No es primera vez que ocurre una inmolación frente a la Moneda. El año 2001, Eduardo Miño, obrero y militante del Partido Comunista, entregó una carta a los transeúntes de la Plaza de la Constitución, para luego infligirse una herida y prenderse fuego con líquido inflamable. Allí se realizaba un acto de la Comisión Nacional del Sida, en el que participaba Michelle Bachelet. En aquella carta, Miño explicaba las razones de su inmolación. Básicamente, lo hizo en protesta por los trabajadores de la industria Pizarreño que fueron víctimas de asbestosis. Cerraba su carta con una frase para la posteridad que sería su epitafio: Mi alma que desborda humanidad ya no soporta tanta injusticia. Esta misma, la injusticia, fue la que decía sufrir Mario Carrión, al momento de prender la llama que encendería el fuego, el simbólico fuego que lo hizo arder un viernes santo, misma fecha en que se conmemora la crucifixión del hijo de Dios, en un sacrificio para absolver a la humanidad de sus pecados. La diferencia es que, tanto Mario Carrión como Eduardo Miño, eran simples mortales que imploraban por un poco de justicia terrenal, ofreciendo su vida a cambio de una respuesta política o, al menos, de un gesto ciudadano por las causas que llevaron en su conciencia hasta las brasas.

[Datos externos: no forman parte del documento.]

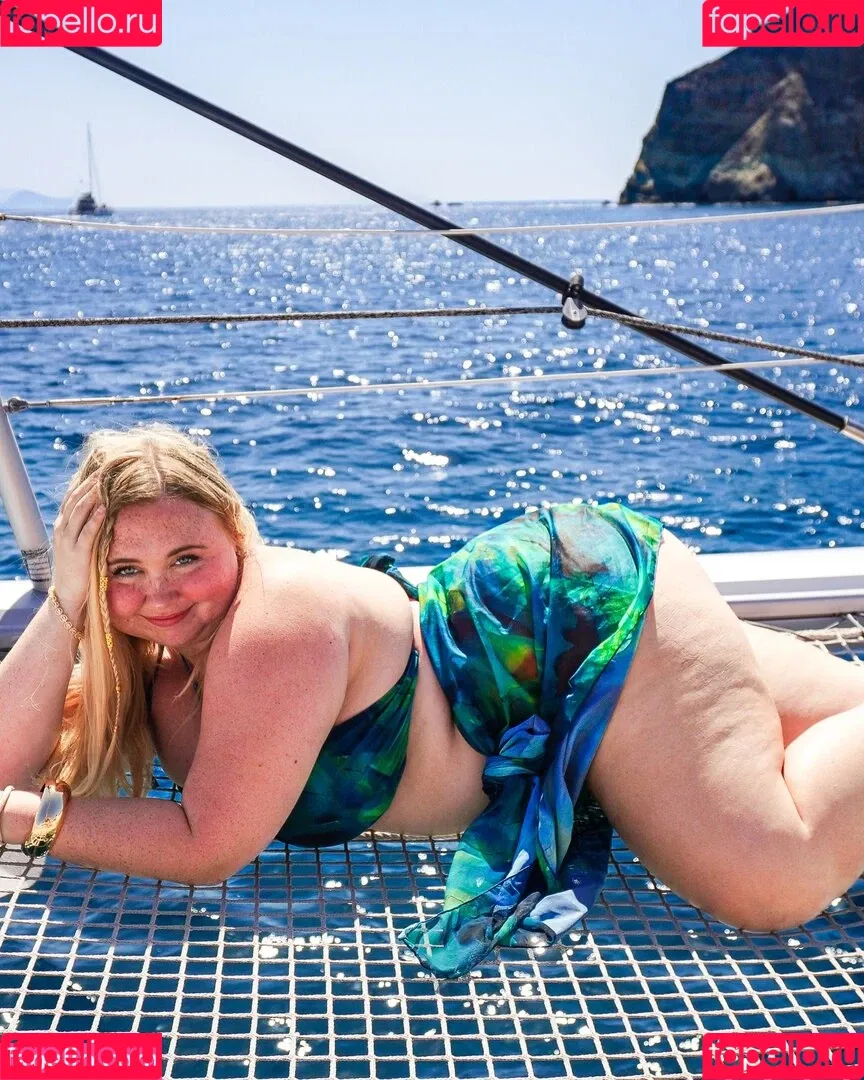 Niki Peacock / presidentniki Onlyfans Photo Gallery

Cristo consagró la cruz como símbolo de adoración y también de penitencia. Asimismo, Miño y Carrión han consagrado al frontis de la Moneda como espacio del sacrificio ciudadano. Algo arde aún frente a la Moneda. Algo todavía se sigue quemando. Ese algo vuelve la historia una pira, en la que los vencidos buscan despojarse de sí mismos para trascender e inmortalizar su causa a través del tiempo. Pero solo el tiempo dirá si el sacrificio logró aplacar a los dioses o, en su defecto, agitar la memoria de los hombres.

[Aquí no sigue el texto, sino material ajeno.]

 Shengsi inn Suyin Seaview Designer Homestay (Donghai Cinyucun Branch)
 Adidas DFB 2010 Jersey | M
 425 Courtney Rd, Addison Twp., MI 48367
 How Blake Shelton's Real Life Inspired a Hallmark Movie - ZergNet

¿Y qué pasaría si te dijera, querida, que nuestro tránsito tuvo también su propio vía crucis? ¿Que alguna suerte de mandato metafísico quería que fuera sacrificada nuestra anterior vida, para dar lugar a una penitencia, una reflexión y, posteriormente, un violento cambio que derivaría en la eterna expectativa de la transformación del mundo o, por el contrario, en una eterna condena de lo mismo, agravada por el martillo de la consciencia, y el estigma aún sangrante de la historia?

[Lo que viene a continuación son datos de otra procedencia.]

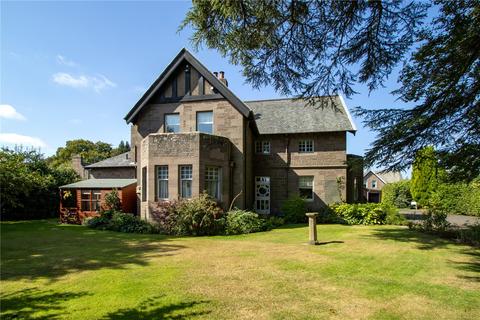 undefined, The Mary Acre, 11 Argyll Street, Brechin, Angus, DD9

En el centro de la ciudad, a un costado de la entrada a un cajero, una pareja de venezolanos estaba sentada junto a sus dos hijas. A su lado, una gran maleta llena de ropa y accesorios. Las hijas comían un poco de pan y el papá sostenía una cajita con huevos de Pascua. -¿Desde cuándo están?-, les pregunté. -Desde ayer-, respondió el padre. -Viernes santo-, agregó la madre, sosteniendo a su hija más pequeña. Les pasé una luca que tenía suelta. El padre me ofreció un huevo de pascua a cambio. Le dije que no hacía falta. Lo agradecieron. Luego, seguí mi camino. Para algunos, la semana santa es un exilio y un sacrificio, una peregrinación sin garantía de retorno.